# The problem
With the line containing "CHANEL Bifold Wallet" as the final line, restate exactly every line of the data below from the first one onward, and copy no pictures.

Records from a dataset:
-- -- --

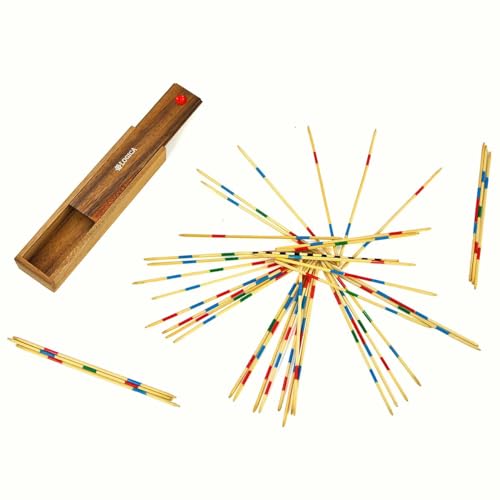 Logica Spiele Art. Mikado - Box aus Teak/Samena Holz - Wiederverschließbare Schachtel - Stäbe aus Bambus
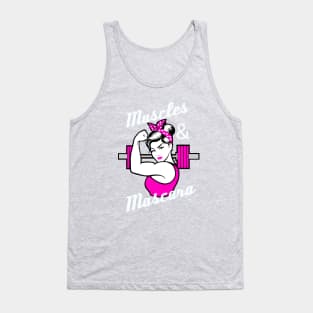 Muscles and Mascara barbell girl Tank Top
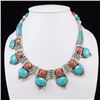 Image 1 : Tibet Hand Made Natural Turquoise & Coral Necklace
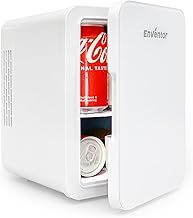 Enventor Mini Fridge 4 Litre, 6 Can Mini Fridges for Bedrooms, AC+12V DC Power Cooler & Warmer, Portable Small Fridge for Car, Travel, Home/Skincare, Makeup, Cosmetics/Drinks, Fruit, Food, White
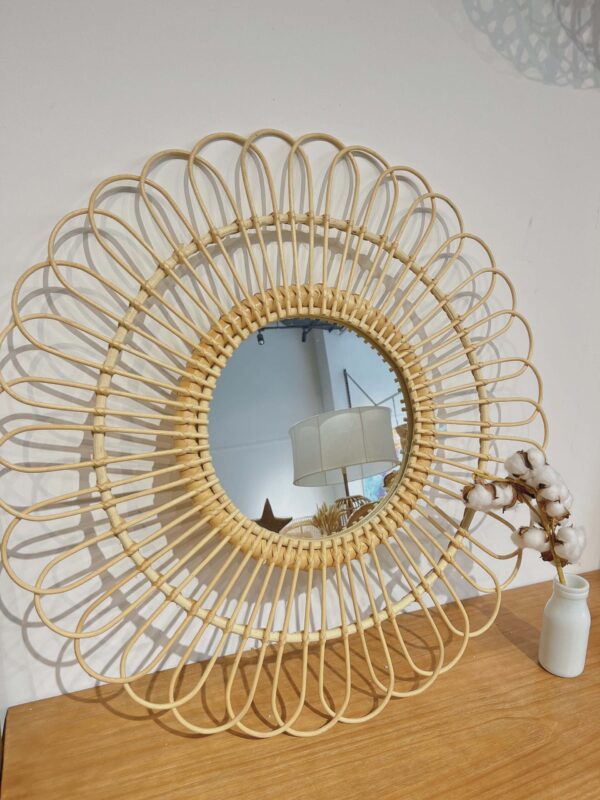 rattan mirror daisy design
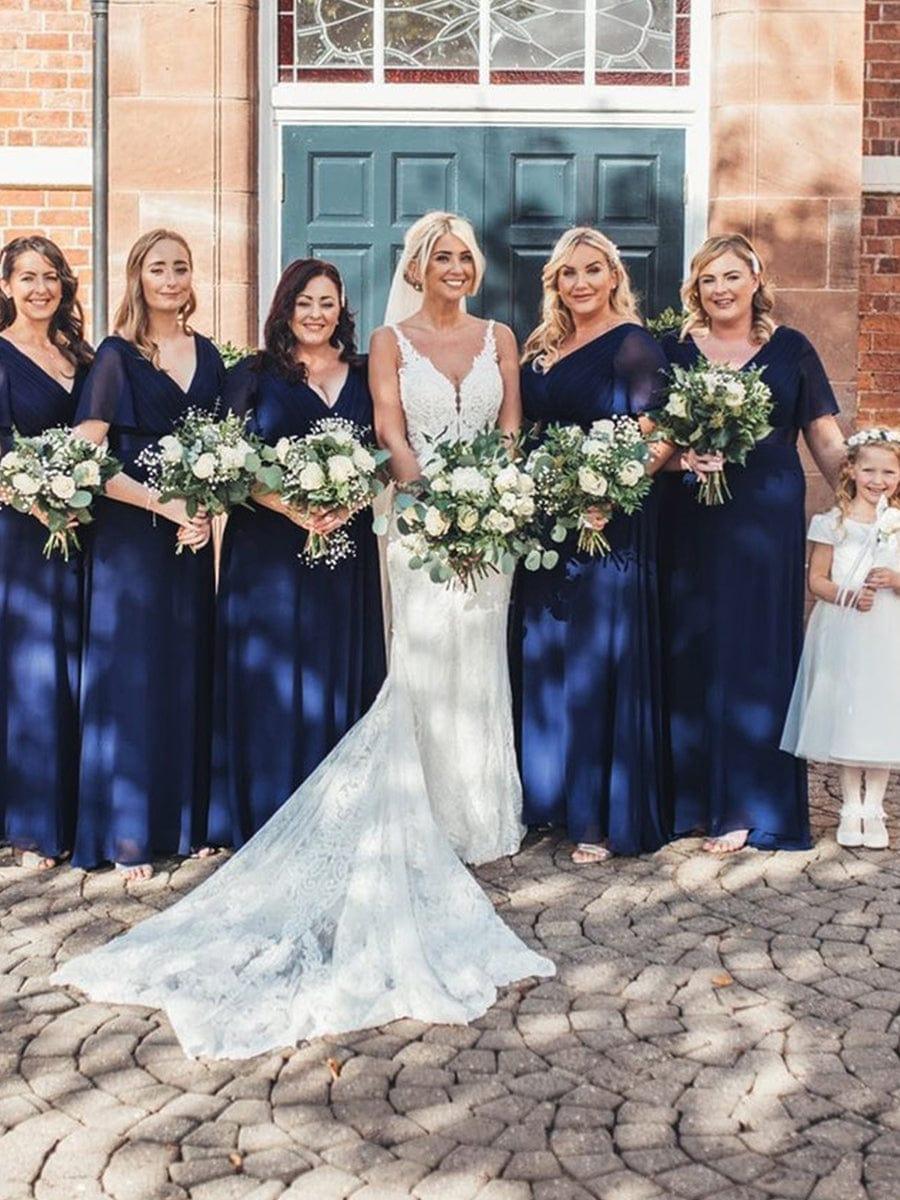 Monique | Elegant Long Bridesmaid Dress with Empire Waist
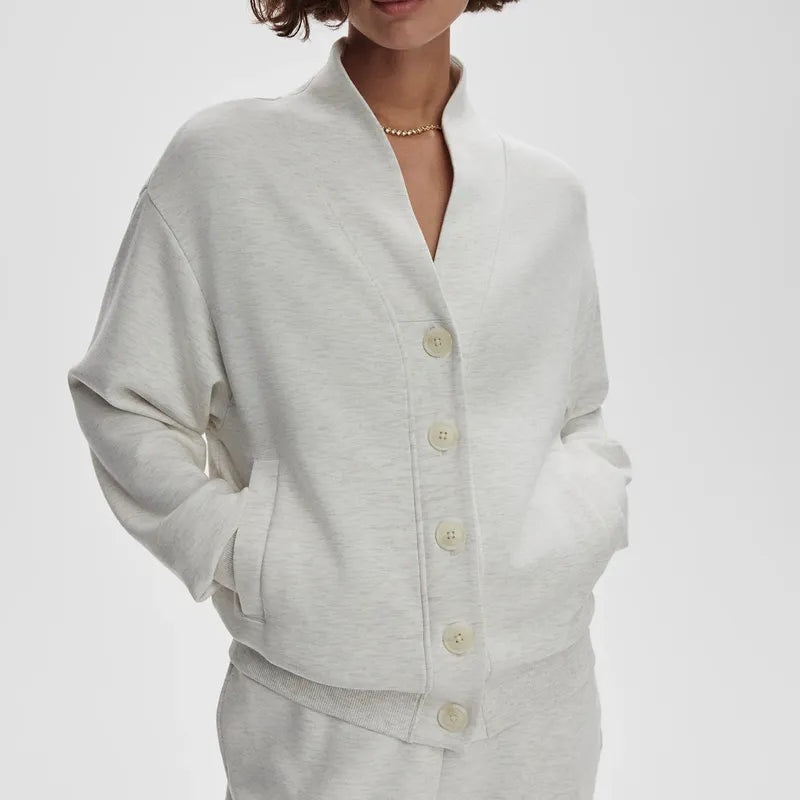 Varley Celeste Button Sweat – Ivory Marl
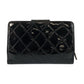 CHANEL Bifold Wallet Patent leather Black SilverMetal Brilliant Matrasse COCO Mark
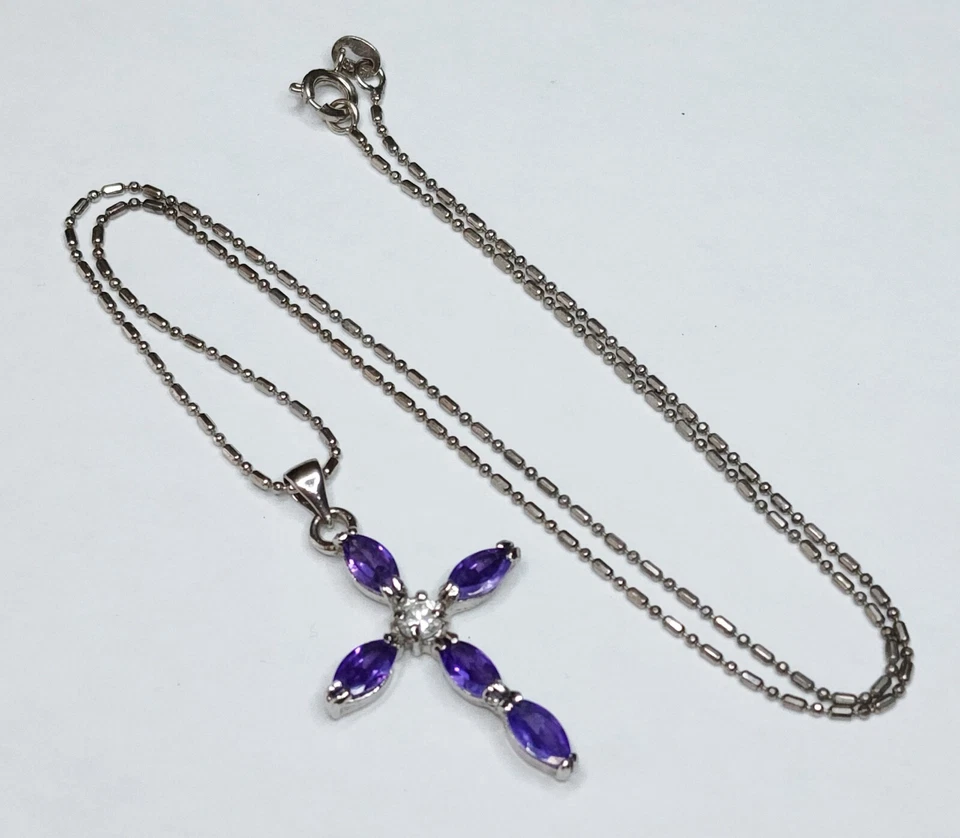 Collar de cadena con colgante de cruz relleno de oro de 18 quilates cristal púrpura 18" Foto 4 de 4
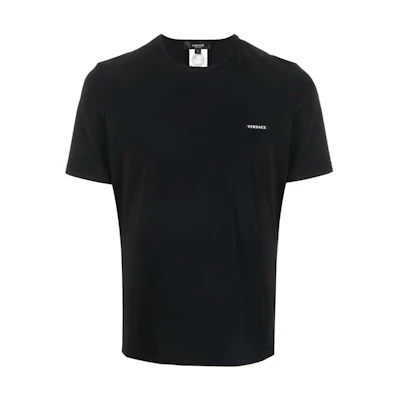 VERSACE SS23 Black Crewneck T-Shirt with Back Graphic Print. 1008151-1A05634-1B000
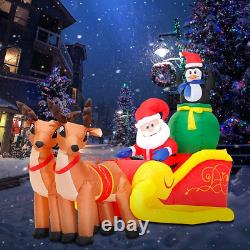 6 FT Christmas Inflatable Decoration Santa Claus on Sleigh with Reindeers and Pe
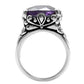 TK016 - High polished (no plating) Stainless Steel Ring with AAA Grade CZ  in Amethyst-3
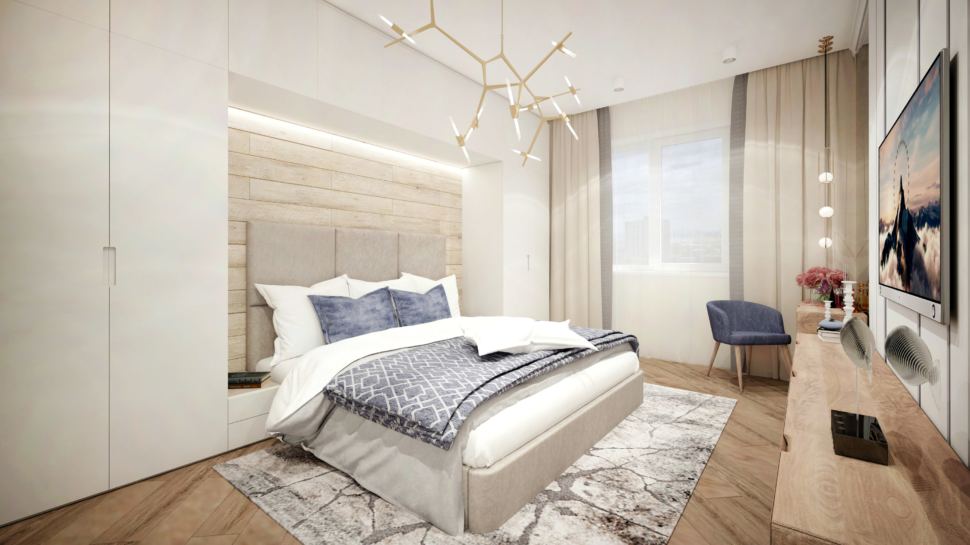 Дизайн интерьера спальни 17 кв.м в современном стиле в золотых тонах в сочетании со сложно-синим оттенком, голубой стул, люстра
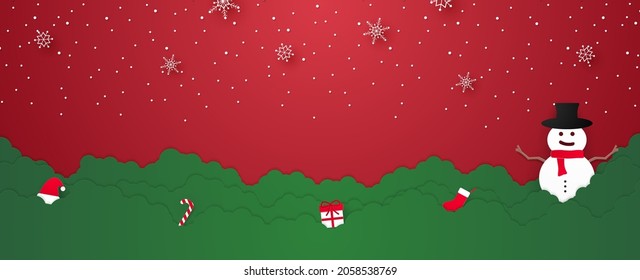 Merry christmas, welcome snowman with stuff and snowfall in paper art style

-- -- --

# Final answer
 Logica Spiele Art. Mikado - Box aus Teak/Samena Holz - Wiederverschließbare Schachtel - Stäbe aus Bambus
 Muscles and Mascara barbell girl Tank Top
 Image 1 : Tibet Hand Made Natural Turquoise & Coral Necklace
 Enventor Mini Fridge 4 Litre, 6 Can Mini Fridges for Bedrooms, AC+12V DC Power Cooler & Warmer, Portable Small Fridge for Car, Travel, Home/Skincare, Makeup, Cosmetics/Drinks, Fruit, Food, White
 rattan mirror daisy design
 Monique | Elegant Long Bridesmaid Dress with Empire Waist
 Varley Celeste Button Sweat – Ivory Marl
 CHANEL Bifold Wallet Patent leather Black SilverMetal Brilliant Matrasse COCO Mark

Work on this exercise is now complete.